Investors are once again turning their attention to oil and gas companies as the energy sector emerges as the top performer among the S&P 500’s 11 segments this quarter, showing a remarkable 12% increase.

This comes as a stark contrast to the sector’s earlier struggles when it was down approximately 13% year-to-date through mid-March. During that period, concerns about a slowing global economy and weakened energy demand weighed heavily on oil prices.

However, a recent shift in fortunes has propelled energy stocks to the forefront. Extended production cuts by two of the world’s largest crude oil exporters, coupled with optimism regarding the U.S. economy’s ability to avoid a recession, have pushed oil prices to $90 per barrel, their highest level of the year. This surge in oil prices has provided a significant boost to energy stocks.

Bill Fitzpatrick, Managing Director at Logan Capital, expressed the sentiment that there is no spare capacity to meet the rising oil demand, indicating that investors should position themselves for an extended period of higher oil prices, which appears to be the most likely scenario.

As a result, Fitzpatrick has been actively increasing allocations to energy shares in his firm’s international stocks portfolio, which currently stands at 11%.
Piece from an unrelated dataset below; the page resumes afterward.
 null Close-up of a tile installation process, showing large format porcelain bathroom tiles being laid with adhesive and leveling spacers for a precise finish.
While rising crude oil prices traditionally benefit energy stocks, they also present challenges. Elevated oil prices can lead to increased costs for everyday items like gasoline and consumer goods, potentially exacerbating inflation concerns.
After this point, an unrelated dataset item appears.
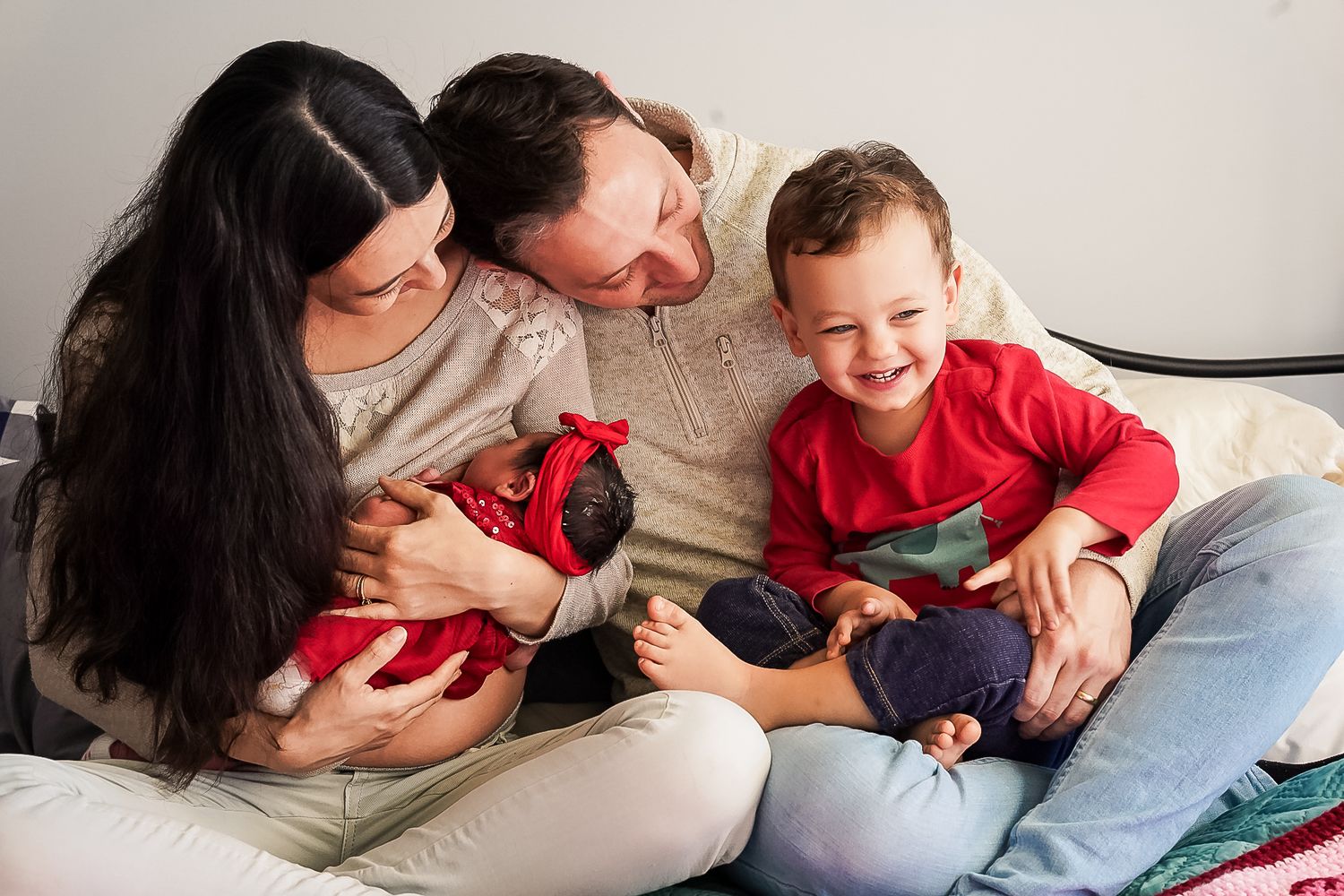 Happy family with parents and two young children, including a newborn baby, sitting together on a cozy bed smiling.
This, in turn, could complicate the Federal Reserve’s efforts to conclude its interest-rate hiking campaign, as higher interest rates can offer investors more attractive alternatives to stocks.

Nate Thooft, Chief Investment Officer of the multi-asset solutions team at Manulife Investment Management, acknowledged that higher oil prices could create anxiety for the Fed. Nonetheless, for the time being, investors continue to show a strong appetite for energy stocks.
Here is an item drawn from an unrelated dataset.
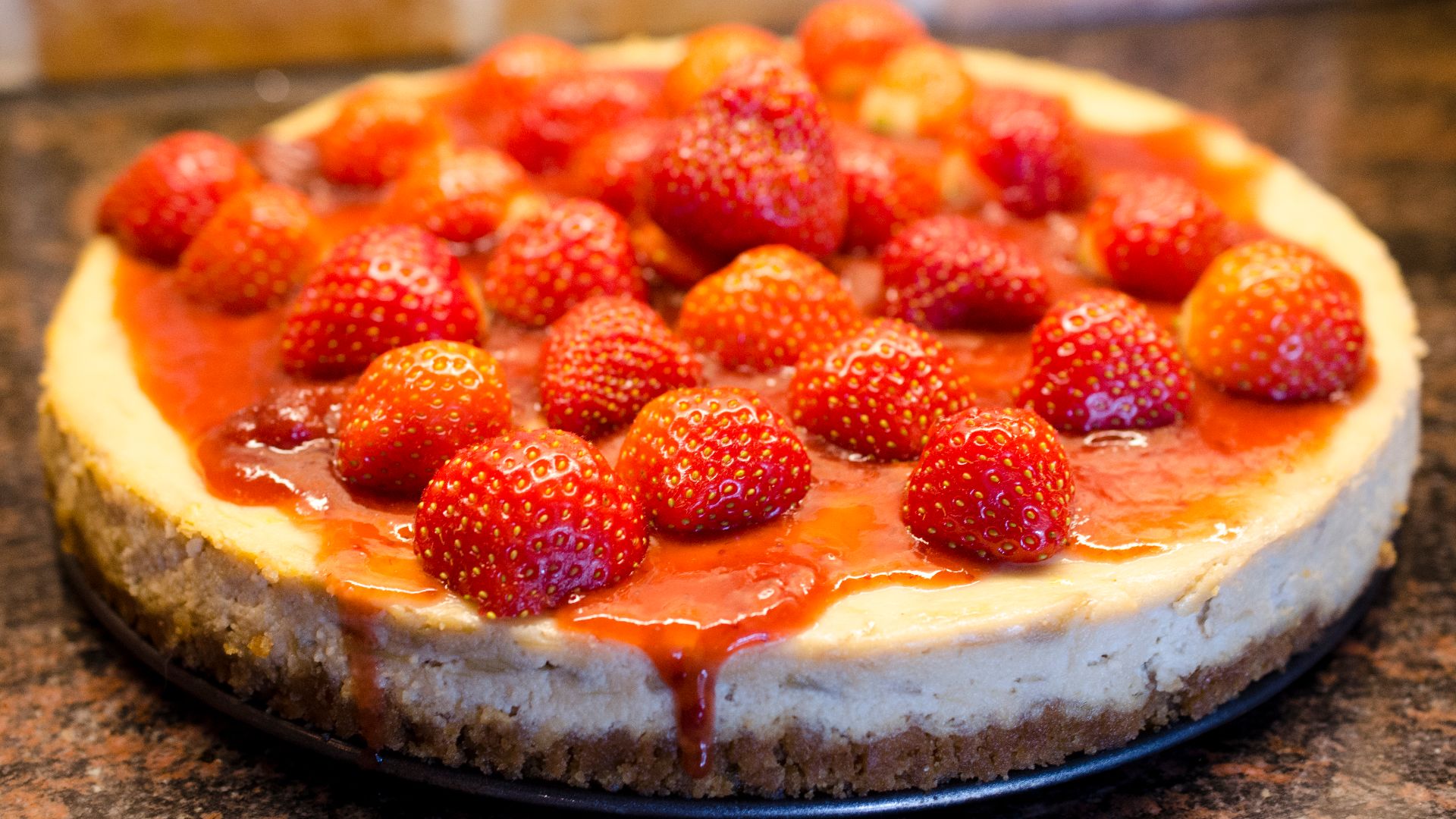 A whole strawberry cheesecake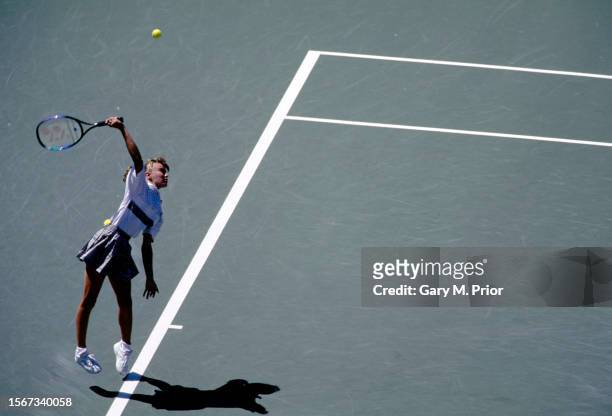 Martina Hingis from Switzerland keeps her eyes on the tennis ball as she serves to Gabriela Sabatini of Argentina during their Women's Singles Fourth...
In August, the Alerian MLP exchange-traded fund, comprising companies involved in crude oil transportation and marketing, recorded net inflows of $132 million, the highest monthly inflow since February 2022.

One compelling factor behind the renewed interest in energy stocks is their relative affordability. According to FactSet, companies within the S&P 500 energy sector are trading at approximately 12 times projected earnings for the next 12 months, a valuation below the 10-year average of 19. In contrast, the broader index maintains a multiple of approximately 19.

While the energy sector has posted a respectable 4.3% gain for the year so far, it still lags behind the S&P’s overall 16% increase. Energy stocks, however, remain susceptible to the cyclical nature of commodity markets.

In 2022, Russia’s invasion of Ukraine sent oil prices soaring, making the energy sector the sole segment of the S&P 500 to conclude the year with gains, achieving its best year on record.

Earlier this year, concerns over China’s shaky economic recovery and apprehensions about higher interest rates sparking a recession weighed on oil prices. To counter this, other oil-producing nations ramped up output, and the U.S. tapped into crude reserves to maintain supply levels, further suppressing prices.

Despite the sector’s volatility, some investors are staying committed to energy stocks. Gerald Goldberg, Chief Executive at GYL Financial Synergies, sees the appeal of the sector for clients seeking strong income, robust dividends, and attractive yields.